Russians also suffer economic indignities that appall many who remember the Soviet Union as a time of economic security. Public employees, such as bus drivers and teachers, receive insultingly low salaries, insufficient to provide for their own needs, let alone raise a family. Pensioners have lost privileges such as unlimited bus rides, and struggle to get by on their pensions. Students now have to pay to attend universities, and professors are not held in the esteem they once enjoyed. The homeless and the public drunks, who once were never seen, are now almost as common on the streets as the video lottery kiosks.

All of this is Yeltsin's legacy. Imagine if one of our leaders had presided over a colossal implosion such as the one that Russia experienced throughout the 1990s. Was Yeltsin's apology, which I regard so highly, a sincere one? or was it a condition offered by a resurgent secret police to avoid prosecution for his crimes?

God rest his soul.

Note: I showed this to my wife, who is for obvious reasons the real expert on Russia in this family, and she made a few comments, and we've talked about some things since then. I revised this heavily in light of those conversations, but I wouldn't count on its receiving her kiss of approval. So, read all this with a big grain of salt.

1 comment:

Clemens said...

I wouldn't count the Russians out yet.
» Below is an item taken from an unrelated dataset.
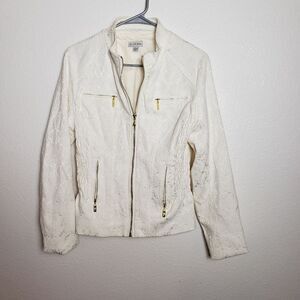 Guess Ivory jacket size L
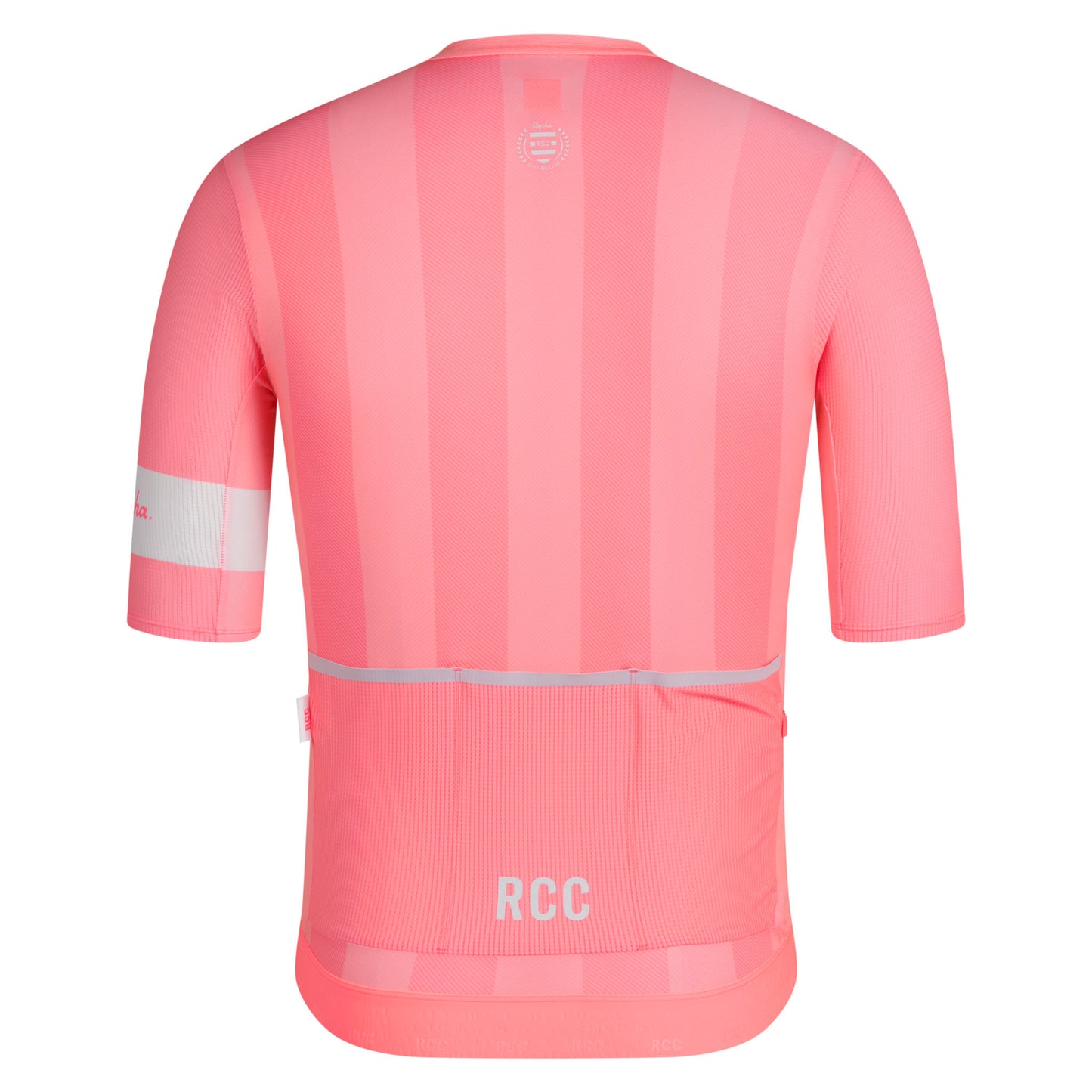 RAPHA RCC Pro Team Maillot - PIK Light Pink/High-Vis Pink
They have been a great people from the time of the Rus up to their own 'drang nach Osten' that got them all the way to Northern California. Not to mention saving France's butt in WWI and then the Great Patriotic War. Putin's state may be the necessary chrysalis stage for an emerging democracy: Mexico went through this, Turkey, and perhaps Iran. Hopefullly they will all emerge as viable democratic states, though I have to admit that even Mexico and Turkey are in hard times at the moment.

What, btw, is your wife's family's take on Putin? I can certainly understand their feelings about Yeltsin.